Tags: Cloudera-Manager CDH Hadoop Deploy Cluster

Abstract: Deployment and Management of Hadoop clusters need tools, such as Cloudera Manager. In this article, I compare the tools briefly, and then record the step of deploying CDH cluster offline in detail. Finally, I expound the theory of 'handle delicately'.


Preface

The emergence of Big Data technology led by Apache Hadoop, makes small and medium-sized enterprises also have the ability to handle the storage and processing of big data. At present, there'r lots of Hadoop distributions, such as HUAWEI Distribution, Intel Distribution, Cloudera’s Distribution Including Apache Hadoop (CDH free), and Hortonworks Data Platform (HDP free), etc. All of these are based on the Hadoop Apache Community Edition.

The deployment and management of a Hadoop cluster which has tens or more nodes needs advanced tools. Apache Ambari from Hortonworks is this kind of tools, it provided an easy-to-use RESTfull web site to manage Hadoop. Cloudera also provided a similar tool, Cloudera Manager(CM) to configure, monitor and manage CDH clusters.

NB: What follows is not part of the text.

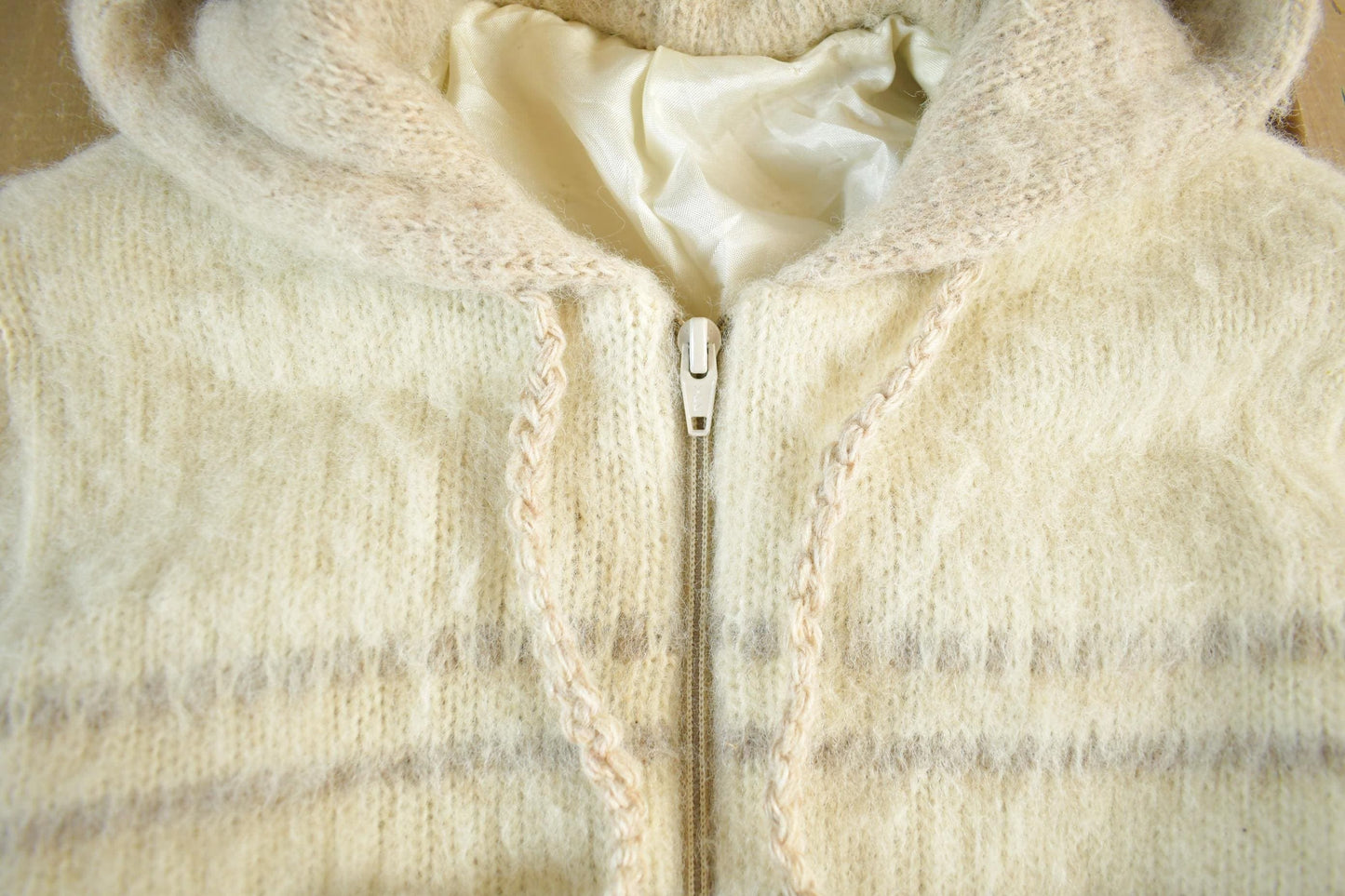 Vintage 80s Wool Knit Hooded Jacket: Striped Sweater Women's Small from propervintagecanada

The main content of this paper is a record of building a CDH cluster. Special attention is required to choose Cloudera Manager version, which depends on Operating system, el7 isn't supported by Cloudera Manager at this moment. You should follow [the official document][1], otherwise the installation will run into a stone wall.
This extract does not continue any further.